The Cecil H. and Ida Green Center for Reproductive Biology Sciences celebrates a growing list of achievements

A woman and man wearing lab coats, standing in front of a metal shelving unit holding unused test tubes, studying papers in front of them. Logo - Green Center for Reproductive Biology Sciences, 50 Years
The Green Center is led by Director W. Lee Kraus, Ph.D., (right), who closely collaborates with Catherine Y. Spong, M.D., Chair of Obstetrics and Gynecology.

In 1974, the Cecil H. and Ida Green Center for Reproductive Biology Sciences opened at UT Southwestern with the goal of promoting innovative and collaborative basic and translational research to improve women’s health.

The five decades that followed have been marked by recognition, reinvention, and growth.

Initially, the focus was on problems affecting women’s reproductive health and included female biology, infant development, and labor and birth. But over the years, the Center broadened its investigations to gene regulation, genomics, and male reproductive physiology.

Smiling man with gray hair and beard, wearing a dark jacket over a white shirt.
Dr. Kraus, Director since 2010, moved the Center’s focus to a broader view. “Reproductive biology is really all biology, and we are showing how the process of gene regulation can control all aspects of it,” he said.

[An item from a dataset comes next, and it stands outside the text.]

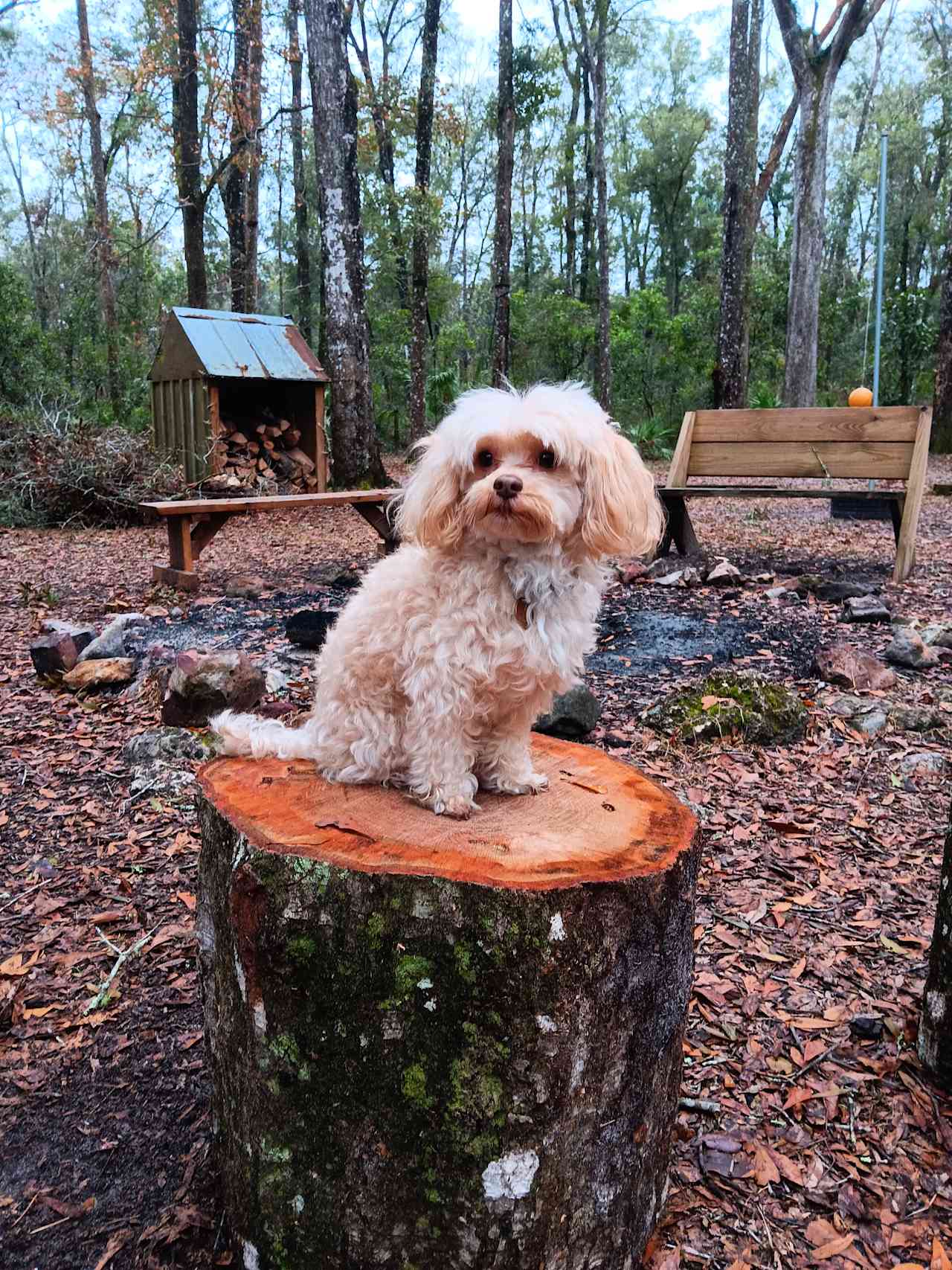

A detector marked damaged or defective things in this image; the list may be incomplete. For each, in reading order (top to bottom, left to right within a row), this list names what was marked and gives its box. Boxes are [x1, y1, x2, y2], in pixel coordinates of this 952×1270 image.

Today, under the leadership of Director W. Lee Kraus, Ph.D., the Green Center has established an international reputation and expertise in broadly defined reproductive biology and affirmed its commitment to fundamental questions related to reproduction and gene regulation.

The credit goes to the faculty, postdocs, graduate students, clinical fellows, and technical staff who have worked in the Green Center and their commitment to excellence, scientific discovery, and service to the community, said Dr. Kraus, also Professor of Obstetrics and Gynecology, and Pharmacology.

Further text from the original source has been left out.